Check each line of the listing below for the string "cabinets", and copy the ones that have it.

DATA FOR PROCESSING:
======

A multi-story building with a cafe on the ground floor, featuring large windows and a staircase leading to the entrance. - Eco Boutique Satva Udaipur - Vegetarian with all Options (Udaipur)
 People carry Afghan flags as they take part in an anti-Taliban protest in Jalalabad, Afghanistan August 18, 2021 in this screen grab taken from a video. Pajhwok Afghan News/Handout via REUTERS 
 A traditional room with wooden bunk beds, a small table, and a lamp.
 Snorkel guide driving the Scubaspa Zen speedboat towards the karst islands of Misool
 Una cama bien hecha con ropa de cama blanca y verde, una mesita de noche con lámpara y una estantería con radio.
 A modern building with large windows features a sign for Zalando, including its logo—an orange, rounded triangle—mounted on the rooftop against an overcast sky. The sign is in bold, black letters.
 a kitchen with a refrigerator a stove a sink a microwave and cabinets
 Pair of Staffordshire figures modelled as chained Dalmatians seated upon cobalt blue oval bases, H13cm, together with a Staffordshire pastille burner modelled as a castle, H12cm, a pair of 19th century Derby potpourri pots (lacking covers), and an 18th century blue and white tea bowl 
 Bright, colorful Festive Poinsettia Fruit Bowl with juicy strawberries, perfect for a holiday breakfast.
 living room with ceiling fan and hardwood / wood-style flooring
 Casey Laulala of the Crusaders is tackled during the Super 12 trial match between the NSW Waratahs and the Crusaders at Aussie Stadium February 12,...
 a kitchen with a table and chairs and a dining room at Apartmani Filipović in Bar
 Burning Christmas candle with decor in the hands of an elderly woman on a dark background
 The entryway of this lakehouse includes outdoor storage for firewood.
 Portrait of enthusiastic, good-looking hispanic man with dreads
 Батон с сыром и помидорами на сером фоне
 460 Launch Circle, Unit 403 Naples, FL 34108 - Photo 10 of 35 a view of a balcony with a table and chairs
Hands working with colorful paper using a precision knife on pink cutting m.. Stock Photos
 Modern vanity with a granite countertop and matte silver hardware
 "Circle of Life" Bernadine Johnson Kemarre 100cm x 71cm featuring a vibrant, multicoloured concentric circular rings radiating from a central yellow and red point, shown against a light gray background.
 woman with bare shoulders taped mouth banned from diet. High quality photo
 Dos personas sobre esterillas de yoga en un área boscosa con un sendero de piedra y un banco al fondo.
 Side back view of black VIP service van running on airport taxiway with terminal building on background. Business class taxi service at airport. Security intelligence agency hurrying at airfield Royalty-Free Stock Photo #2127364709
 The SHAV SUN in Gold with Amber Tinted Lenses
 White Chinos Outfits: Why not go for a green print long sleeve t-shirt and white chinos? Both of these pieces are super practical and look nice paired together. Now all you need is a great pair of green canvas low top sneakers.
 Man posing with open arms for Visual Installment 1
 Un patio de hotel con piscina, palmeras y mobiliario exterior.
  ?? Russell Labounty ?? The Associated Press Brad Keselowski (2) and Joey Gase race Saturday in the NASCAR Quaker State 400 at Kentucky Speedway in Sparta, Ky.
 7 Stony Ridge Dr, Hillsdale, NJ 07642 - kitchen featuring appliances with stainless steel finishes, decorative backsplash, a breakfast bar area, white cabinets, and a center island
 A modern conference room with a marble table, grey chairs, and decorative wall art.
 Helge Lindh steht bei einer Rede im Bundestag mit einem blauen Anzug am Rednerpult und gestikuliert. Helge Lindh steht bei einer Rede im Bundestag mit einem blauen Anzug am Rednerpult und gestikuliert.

======

OUTPUT BELOW:
 a kitchen with a refrigerator a stove a sink a microwave and cabinets
 7 Stony Ridge Dr, Hillsdale, NJ 07642 - kitchen featuring appliances with stainless steel finishes, decorative backsplash, a breakfast bar area, white cabinets, and a center island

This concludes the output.